[[ Provided entries, beginning ]]
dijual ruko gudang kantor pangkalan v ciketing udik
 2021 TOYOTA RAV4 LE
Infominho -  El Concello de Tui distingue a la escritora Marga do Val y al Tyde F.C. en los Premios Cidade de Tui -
[[ Provided entries, end ]]
[[ Provided entries, beginning ]]
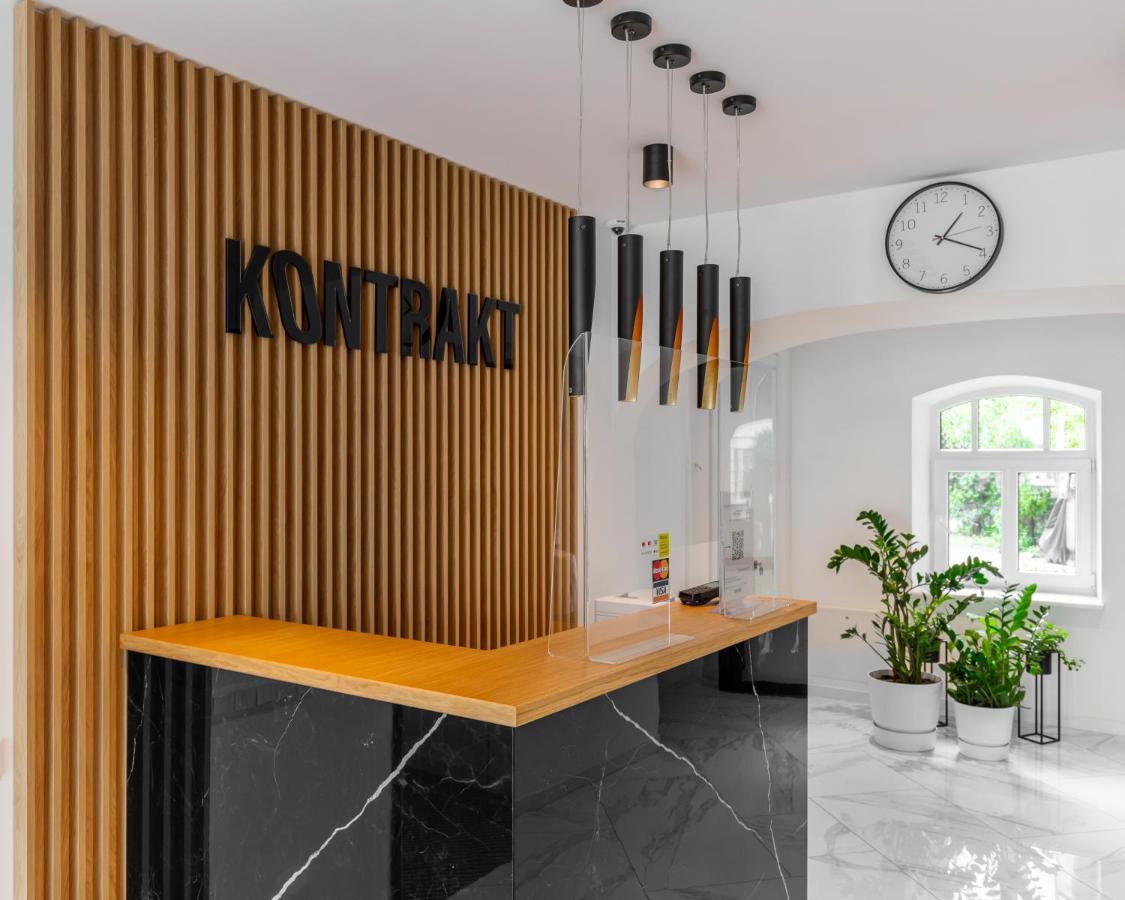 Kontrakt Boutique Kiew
[[ Provided entries, end ]]
[[ Provided entries, beginning ]]
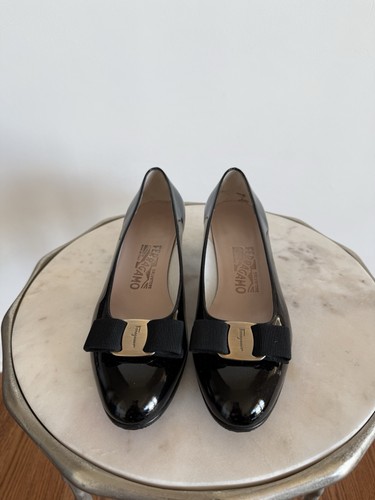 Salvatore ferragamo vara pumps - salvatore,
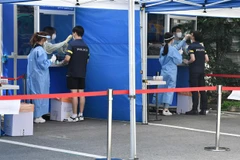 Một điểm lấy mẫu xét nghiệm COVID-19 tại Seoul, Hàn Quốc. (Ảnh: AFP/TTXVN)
[[ Provided entries, end ]]
# [Task directions]
Restate word for word the lines of the data above, starting at the line containing "2021 TOYOTA RAV4 LE" and ending at the line containing "El Concello de", both included, and nothing more.

# [Answer box]
 2021 TOYOTA RAV4 LE
Infominho -  El Concello de Tui distingue a la escritora Marga do Val y al Tyde F.C. en los Premios Cidade de Tui -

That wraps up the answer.